If you choose a period, you are providing this book with a definitive ending, conveying that Amory truly believes that he knows himself and "that is all." This ending implies that he does not wish to know anything more, that he has completed some sort of quest; this is all he shall ever know. If we believe that people are fluid and always changing, then this degree of self-knowledge will not last long, and so Amory has not truly come to understand himself. He knows himself at one moment in time, but fails to recognize his capacity for change.
A dash leaves the book open ended, almost unfinished in a way, with both Amory and the reader left unresolved. The dash suggests either that Amory recognizes his state of flux and that any self-knowledge must continually adapt, or that he does wish to know something more; now this is all he knows, but he hopes to learn other things.
Certainly this book is not a quest novel in the traditional sense that stories of the Holy Grail or of escapes from prisons are novels about quests. Yet, the narrative does have the flavor of a quest. Amory is obviously striving toward something, but what? This question is answered most simply, and probably most satisfactorily, by himself. The fact that the novel ends with an exultant claim of self-knowledge bolsters this argument, but the evidence for this answer runs still deeper. From the very beginning, Amory has attempted to understand who he is and how his surroundings have influenced the "fundamental Amory." We witness throughout the novel Amory being influenced by one person or thing after another (Beatrice, Princeton, Rosalind) and then needing to leave them behind in order to get back to the fundamental Amory. The goal of the quest is for Amory to understand who he is, and then to come to peace with whatever he finds.

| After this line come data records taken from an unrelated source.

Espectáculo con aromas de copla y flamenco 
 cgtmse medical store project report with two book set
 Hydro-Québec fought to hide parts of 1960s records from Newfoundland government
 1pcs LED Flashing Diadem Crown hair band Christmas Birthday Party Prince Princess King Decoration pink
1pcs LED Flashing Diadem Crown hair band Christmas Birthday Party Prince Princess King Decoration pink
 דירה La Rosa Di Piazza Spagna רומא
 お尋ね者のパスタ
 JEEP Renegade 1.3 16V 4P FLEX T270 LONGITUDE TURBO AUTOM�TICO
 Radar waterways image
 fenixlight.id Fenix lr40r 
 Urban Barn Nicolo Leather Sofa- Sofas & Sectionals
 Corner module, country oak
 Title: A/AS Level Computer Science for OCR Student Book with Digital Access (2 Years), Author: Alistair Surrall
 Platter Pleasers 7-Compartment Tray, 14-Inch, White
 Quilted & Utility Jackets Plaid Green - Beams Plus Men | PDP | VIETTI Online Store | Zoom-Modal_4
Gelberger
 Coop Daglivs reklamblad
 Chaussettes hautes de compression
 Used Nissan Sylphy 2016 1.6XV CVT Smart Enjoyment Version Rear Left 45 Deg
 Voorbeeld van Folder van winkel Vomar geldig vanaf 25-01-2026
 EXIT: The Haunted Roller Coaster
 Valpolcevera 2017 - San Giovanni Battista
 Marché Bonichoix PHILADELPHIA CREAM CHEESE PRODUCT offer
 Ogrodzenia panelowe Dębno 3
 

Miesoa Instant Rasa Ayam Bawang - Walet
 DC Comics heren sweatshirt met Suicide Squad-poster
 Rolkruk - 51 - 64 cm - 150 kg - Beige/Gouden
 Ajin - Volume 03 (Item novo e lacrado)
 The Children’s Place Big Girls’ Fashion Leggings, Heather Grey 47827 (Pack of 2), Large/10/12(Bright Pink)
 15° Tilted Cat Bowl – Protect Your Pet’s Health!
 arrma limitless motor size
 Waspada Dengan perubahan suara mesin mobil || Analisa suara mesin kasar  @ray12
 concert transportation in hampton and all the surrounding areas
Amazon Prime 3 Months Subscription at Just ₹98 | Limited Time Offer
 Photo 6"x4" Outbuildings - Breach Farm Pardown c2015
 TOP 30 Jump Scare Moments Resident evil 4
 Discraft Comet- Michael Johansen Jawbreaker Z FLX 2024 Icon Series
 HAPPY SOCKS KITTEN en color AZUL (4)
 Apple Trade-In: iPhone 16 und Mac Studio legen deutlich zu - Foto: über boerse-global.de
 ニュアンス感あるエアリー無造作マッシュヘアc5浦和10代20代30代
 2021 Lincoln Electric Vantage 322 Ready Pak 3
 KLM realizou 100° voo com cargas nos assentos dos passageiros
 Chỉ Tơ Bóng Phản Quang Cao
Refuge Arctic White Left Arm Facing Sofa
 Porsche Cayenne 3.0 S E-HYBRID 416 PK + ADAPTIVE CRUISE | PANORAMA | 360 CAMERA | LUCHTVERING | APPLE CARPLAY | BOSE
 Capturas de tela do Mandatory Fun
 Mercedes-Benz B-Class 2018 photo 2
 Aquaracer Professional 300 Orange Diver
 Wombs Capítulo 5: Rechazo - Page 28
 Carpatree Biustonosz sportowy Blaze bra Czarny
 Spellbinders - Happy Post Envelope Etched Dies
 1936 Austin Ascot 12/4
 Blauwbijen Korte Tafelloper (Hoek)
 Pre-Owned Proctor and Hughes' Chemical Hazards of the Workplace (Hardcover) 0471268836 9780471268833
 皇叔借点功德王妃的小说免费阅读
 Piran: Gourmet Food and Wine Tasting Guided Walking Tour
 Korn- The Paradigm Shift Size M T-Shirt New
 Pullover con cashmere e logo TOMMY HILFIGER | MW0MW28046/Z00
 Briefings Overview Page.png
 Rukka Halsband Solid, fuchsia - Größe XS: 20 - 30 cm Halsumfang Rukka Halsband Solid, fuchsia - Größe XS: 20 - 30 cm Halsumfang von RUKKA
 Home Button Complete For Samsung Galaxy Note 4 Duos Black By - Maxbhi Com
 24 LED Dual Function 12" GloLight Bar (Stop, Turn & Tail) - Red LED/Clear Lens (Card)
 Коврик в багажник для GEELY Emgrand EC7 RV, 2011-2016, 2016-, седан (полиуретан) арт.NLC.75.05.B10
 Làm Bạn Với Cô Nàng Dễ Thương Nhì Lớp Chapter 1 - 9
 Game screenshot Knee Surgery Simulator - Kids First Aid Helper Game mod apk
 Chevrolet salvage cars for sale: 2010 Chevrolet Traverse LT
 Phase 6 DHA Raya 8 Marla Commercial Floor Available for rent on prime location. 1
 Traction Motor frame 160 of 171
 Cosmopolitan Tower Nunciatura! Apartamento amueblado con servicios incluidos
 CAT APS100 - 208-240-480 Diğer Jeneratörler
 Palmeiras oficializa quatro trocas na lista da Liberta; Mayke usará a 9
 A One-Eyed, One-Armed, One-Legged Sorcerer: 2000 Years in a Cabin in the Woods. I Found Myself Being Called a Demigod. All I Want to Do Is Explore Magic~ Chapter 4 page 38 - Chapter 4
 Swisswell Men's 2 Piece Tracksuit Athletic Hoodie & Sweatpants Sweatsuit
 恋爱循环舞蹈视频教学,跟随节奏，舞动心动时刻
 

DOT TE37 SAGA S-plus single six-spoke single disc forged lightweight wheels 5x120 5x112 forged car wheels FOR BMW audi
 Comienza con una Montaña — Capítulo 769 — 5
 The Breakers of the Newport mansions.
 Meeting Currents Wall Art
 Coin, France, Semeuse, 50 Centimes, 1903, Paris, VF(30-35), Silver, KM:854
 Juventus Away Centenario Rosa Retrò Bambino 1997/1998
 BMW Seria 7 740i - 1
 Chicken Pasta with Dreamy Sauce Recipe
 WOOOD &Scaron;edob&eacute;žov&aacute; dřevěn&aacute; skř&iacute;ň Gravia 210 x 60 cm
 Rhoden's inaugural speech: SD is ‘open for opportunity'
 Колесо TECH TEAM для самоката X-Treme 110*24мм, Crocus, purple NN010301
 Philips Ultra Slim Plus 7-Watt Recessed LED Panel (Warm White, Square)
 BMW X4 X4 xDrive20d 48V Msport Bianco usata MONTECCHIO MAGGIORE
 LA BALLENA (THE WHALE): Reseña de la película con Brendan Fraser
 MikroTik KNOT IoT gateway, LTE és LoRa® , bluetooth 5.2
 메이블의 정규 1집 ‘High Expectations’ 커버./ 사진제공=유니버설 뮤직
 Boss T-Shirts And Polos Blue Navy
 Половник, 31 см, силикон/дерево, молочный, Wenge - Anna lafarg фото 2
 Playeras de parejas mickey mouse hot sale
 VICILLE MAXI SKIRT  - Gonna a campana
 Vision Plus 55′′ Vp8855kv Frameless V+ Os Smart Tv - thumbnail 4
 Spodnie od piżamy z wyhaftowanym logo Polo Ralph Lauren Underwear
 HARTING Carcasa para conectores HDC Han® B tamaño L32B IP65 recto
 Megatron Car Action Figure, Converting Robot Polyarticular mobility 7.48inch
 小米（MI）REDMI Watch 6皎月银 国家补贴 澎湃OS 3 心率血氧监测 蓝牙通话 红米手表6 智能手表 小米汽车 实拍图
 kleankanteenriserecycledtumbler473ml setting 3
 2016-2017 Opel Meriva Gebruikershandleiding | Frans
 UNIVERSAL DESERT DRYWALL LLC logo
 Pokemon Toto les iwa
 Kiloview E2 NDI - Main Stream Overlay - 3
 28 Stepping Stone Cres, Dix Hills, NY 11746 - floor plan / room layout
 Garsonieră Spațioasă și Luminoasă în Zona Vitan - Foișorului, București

Dick Humbird is Amory's ideal of the upper class, and yet Dick is not snobbish nor does he utterly conform to rules. He does what he pleases, and whatever he does seems perfectly acceptable, if not admirable. Dick seems to make everything work, and is Amory's hero. The fact that Dick came from "new money," rather than the more socially respectable old money, suggests the meaningless of old distinctions in this new world. Grace and savvy is what counts, not money. With his death, Dick becomes "unaristocratic" in Amory's eyes. After this, Amory seems to forgo his own attempts at "success," finding it futile. In the death of his hero, Amory is reminded of the brevity of life (though not explicitly). This seems to signal to Amory that he must live his own life and not try to become something else, since everybody ends up as an unattractive, dead mass at some point. Dick's death drives Amory sharply back toward the "fundamental."